### YOUR OBJECTIVE
Print the lines that run from the line with "Stock Bar wein" to the line with "MUCOKEHL Ampułki D 6, 10 x 1 ml", keeping both end lines, exactly as they appear in the entries below, and nothing else.

•••••

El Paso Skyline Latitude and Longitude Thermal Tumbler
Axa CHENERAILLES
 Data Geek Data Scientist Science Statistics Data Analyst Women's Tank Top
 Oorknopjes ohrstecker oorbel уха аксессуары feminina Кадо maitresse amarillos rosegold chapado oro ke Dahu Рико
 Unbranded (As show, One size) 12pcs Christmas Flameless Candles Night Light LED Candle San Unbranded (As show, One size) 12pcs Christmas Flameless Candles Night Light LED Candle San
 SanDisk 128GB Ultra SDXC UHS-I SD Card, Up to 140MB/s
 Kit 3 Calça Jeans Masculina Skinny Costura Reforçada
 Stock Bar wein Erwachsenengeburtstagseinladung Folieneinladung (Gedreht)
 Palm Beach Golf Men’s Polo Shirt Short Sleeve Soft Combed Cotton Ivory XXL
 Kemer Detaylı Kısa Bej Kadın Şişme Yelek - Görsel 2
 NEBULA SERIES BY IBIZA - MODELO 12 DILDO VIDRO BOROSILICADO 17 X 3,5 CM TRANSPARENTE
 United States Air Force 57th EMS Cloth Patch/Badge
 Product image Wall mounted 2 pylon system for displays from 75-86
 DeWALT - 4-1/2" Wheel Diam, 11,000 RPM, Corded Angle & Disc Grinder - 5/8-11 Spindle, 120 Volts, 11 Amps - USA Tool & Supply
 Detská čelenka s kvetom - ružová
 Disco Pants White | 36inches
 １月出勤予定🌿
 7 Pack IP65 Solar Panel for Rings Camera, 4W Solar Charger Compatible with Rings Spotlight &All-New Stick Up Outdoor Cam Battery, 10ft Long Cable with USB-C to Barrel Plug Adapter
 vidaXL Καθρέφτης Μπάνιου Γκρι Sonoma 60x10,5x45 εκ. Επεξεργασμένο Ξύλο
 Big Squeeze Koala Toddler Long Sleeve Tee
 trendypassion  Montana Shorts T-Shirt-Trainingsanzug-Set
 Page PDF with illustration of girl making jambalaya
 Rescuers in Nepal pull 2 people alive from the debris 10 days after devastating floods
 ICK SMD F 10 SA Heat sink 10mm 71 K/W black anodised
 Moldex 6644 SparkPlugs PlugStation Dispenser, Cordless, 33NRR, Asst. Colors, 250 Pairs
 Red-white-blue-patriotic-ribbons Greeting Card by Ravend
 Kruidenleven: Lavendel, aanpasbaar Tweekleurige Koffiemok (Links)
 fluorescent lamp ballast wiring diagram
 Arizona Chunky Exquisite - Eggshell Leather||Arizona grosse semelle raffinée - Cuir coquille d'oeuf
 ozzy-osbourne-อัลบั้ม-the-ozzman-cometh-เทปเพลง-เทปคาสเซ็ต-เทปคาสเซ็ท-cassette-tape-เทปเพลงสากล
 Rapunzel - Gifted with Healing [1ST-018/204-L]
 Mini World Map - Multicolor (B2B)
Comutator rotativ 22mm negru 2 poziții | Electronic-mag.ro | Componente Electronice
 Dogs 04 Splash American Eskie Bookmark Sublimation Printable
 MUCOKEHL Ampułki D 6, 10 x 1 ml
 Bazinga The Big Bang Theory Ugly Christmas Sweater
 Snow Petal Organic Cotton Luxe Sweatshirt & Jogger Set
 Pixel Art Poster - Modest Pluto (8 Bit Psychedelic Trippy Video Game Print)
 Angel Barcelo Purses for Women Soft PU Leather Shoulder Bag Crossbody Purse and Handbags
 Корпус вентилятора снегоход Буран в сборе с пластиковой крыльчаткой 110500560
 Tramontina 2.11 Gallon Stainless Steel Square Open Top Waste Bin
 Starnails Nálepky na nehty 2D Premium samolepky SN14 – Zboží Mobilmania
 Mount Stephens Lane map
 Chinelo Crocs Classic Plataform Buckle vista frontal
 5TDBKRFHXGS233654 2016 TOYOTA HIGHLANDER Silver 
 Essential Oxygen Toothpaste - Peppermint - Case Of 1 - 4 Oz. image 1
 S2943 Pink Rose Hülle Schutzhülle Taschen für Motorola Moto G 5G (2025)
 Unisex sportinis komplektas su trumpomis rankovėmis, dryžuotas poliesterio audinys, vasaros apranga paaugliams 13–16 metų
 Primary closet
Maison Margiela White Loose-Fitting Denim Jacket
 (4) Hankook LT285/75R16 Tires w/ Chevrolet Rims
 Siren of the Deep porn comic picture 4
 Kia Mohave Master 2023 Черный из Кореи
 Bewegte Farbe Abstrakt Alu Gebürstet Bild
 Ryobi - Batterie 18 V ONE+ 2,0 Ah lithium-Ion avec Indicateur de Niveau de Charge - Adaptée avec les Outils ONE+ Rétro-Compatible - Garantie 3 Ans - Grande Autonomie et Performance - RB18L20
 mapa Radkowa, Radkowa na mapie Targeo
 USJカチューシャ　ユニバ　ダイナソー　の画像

•••••

### SOLUTION
 Stock Bar wein Erwachsenengeburtstagseinladung Folieneinladung (Gedreht)
 Palm Beach Golf Men’s Polo Shirt Short Sleeve Soft Combed Cotton Ivory XXL
 Kemer Detaylı Kısa Bej Kadın Şişme Yelek - Görsel 2
 NEBULA SERIES BY IBIZA - MODELO 12 DILDO VIDRO BOROSILICADO 17 X 3,5 CM TRANSPARENTE
 United States Air Force 57th EMS Cloth Patch/Badge
 Product image Wall mounted 2 pylon system for displays from 75-86
 DeWALT - 4-1/2" Wheel Diam, 11,000 RPM, Corded Angle & Disc Grinder - 5/8-11 Spindle, 120 Volts, 11 Amps - USA Tool & Supply
 Detská čelenka s kvetom - ružová
 Disco Pants White | 36inches
 １月出勤予定🌿
 7 Pack IP65 Solar Panel for Rings Camera, 4W Solar Charger Compatible with Rings Spotlight &All-New Stick Up Outdoor Cam Battery, 10ft Long Cable with USB-C to Barrel Plug Adapter
 vidaXL Καθρέφτης Μπάνιου Γκρι Sonoma 60x10,5x45 εκ. Επεξεργασμένο Ξύλο
 Big Squeeze Koala Toddler Long Sleeve Tee
 trendypassion  Montana Shorts T-Shirt-Trainingsanzug-Set
 Page PDF with illustration of girl making jambalaya
 Rescuers in Nepal pull 2 people alive from the debris 10 days after devastating floods
 ICK SMD F 10 SA Heat sink 10mm 71 K/W black anodised
 Moldex 6644 SparkPlugs PlugStation Dispenser, Cordless, 33NRR, Asst. Colors, 250 Pairs
 Red-white-blue-patriotic-ribbons Greeting Card by Ravend
 Kruidenleven: Lavendel, aanpasbaar Tweekleurige Koffiemok (Links)
 fluorescent lamp ballast wiring diagram
 Arizona Chunky Exquisite - Eggshell Leather||Arizona grosse semelle raffinée - Cuir coquille d'oeuf
 ozzy-osbourne-อัลบั้ม-the-ozzman-cometh-เทปเพลง-เทปคาสเซ็ต-เทปคาสเซ็ท-cassette-tape-เทปเพลงสากล
 Rapunzel - Gifted with Healing [1ST-018/204-L]
 Mini World Map - Multicolor (B2B)
Comutator rotativ 22mm negru 2 poziții | Electronic-mag.ro | Componente Electronice
 Dogs 04 Splash American Eskie Bookmark Sublimation Printable
 MUCOKEHL Ampułki D 6, 10 x 1 ml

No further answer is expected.